The SIMSIS Laboratory envisions advancing the science and practice of civil infrastructure Digital Twins (DTs) by synthesizing the Digitization, Virtualization & Cognition, and Human-DT Interaction into a unified development workflow. Through their synthesis and practical applications, the Laboratory aims to enhance the resilience, reliability, and adaptive management of civil infrastructure systems, spanning both individual assets and interconnected networks.

To achieve this vision, the SIMSIS Laboratory focuses on the following areas (below) in DT development and application at different modeling resolutions with strong emphasis on their Verification, Validation, and Uncertainty Quantification (VVUQ), including their collective impact on decision-making, and infrastructure resilience and reliability, with the goal of translating the DT development advancements into practical, real-world applications:

1) Digitization

Digitization develops scalable, continuous infrastructure sensing strategies, ranging from human-based inspections to robotic and urban data sources, to transform physical infrastructure into structured digital formats for real-time monitoring and DT model updates.

2) Virtualization & Cognition

This area combines realistic 3D modeling, simulation, and intelligent behavioral modeling, enhanced by AI, data and physics-driven methods, data assimilation, model updating, and immersive visualization, to enable "living", interpretable, and predictive digital twins of infrastructure.

3) Human–DT Interaction

This area investigates how immersive, collaborative environments and natural language interfaces support intuitive, informed human decision-making that completes the feedback loop between DT insights and real-world actions.

4) Multi-Scale DT Architecture

This research develops hierarchical, resolution-aware DT frameworks that integrate models across scales with needed LoDs, balancing fidelity, performance, and data needs, to enable scalable assessment and coordination from elements to infrastructure networks.

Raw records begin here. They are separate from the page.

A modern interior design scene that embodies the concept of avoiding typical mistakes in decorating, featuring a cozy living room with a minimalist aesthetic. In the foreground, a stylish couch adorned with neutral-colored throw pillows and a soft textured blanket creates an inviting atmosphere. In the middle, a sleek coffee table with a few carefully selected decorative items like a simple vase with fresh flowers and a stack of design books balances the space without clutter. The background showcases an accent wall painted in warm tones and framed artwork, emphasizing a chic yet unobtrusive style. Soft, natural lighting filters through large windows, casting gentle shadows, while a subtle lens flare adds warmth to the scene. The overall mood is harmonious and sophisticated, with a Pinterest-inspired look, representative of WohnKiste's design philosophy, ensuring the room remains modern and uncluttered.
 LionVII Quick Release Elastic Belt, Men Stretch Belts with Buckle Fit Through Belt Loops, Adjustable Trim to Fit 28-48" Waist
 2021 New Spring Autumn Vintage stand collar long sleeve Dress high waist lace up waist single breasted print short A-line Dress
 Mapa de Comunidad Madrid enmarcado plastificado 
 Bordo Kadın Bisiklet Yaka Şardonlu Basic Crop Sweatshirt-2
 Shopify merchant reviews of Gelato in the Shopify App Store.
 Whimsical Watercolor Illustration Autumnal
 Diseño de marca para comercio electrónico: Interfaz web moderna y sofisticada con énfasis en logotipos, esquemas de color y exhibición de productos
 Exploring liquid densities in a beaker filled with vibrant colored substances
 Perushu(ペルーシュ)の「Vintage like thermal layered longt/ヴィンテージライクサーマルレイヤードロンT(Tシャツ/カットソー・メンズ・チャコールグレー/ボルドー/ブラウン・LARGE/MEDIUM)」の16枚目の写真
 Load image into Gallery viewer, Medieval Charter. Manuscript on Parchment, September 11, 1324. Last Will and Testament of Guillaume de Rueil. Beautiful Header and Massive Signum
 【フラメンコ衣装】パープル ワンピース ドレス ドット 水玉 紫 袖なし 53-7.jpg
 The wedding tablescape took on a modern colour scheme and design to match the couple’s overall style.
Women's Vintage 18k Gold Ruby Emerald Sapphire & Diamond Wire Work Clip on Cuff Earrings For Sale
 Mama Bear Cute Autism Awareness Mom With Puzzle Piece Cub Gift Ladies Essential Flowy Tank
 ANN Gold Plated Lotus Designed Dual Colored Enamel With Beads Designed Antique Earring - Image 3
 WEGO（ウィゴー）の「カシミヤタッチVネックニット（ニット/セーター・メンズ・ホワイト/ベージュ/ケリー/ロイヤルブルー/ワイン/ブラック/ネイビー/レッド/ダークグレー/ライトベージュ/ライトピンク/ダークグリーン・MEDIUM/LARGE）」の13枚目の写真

5) Application for Resilience and Reliability

This area evaluates how DT-informed strategies measurably improve infrastructure resilience and reliability under both normal operations and extreme conditions, using scenario simulations and performance metrics to guide practical impact.

The Laboratory further engages with broader and emerging domains and capabilities of DT development, including data and model management, as well as trustworthiness. These additional capabilities align with the DT Capabilities Periodic Table (CPT), developed by the Digital Twin Consortium (DTC). This global industry consortium establishes the practices and standards for DT systems.

The CPT’s latest release (Version 1.2) as shown in Figure 1 provides a comprehensive, vendor-agnostic framework for organizing the functional capabilities required to design, implement, and sustain scalable and trustworthy DTs. In CPT, SIMSIS’s core research areas correspond primarily to the Data Services, Integration, Intelligence, and UX capability groups.

Figure 1. DT capabilities periodic table v1.2 by Digital Twin Consortium.

 

In terms of applying DTC’s DT capabilities in real-world contexts, Figure 2 illustrates the operation of a bridge DT, showcasing the interaction between the physical and digital counterparts within their respective environments. This diagram example illustrates how integrated sensing, modeling, and visualization workflows, facilitated by DT capabilities, can support dynamic condition assessment, operational monitoring, and informed decision-making throughout the infrastructure lifecycle.

 

Figure 2. Civil infrastructure DT capabilities in an example application.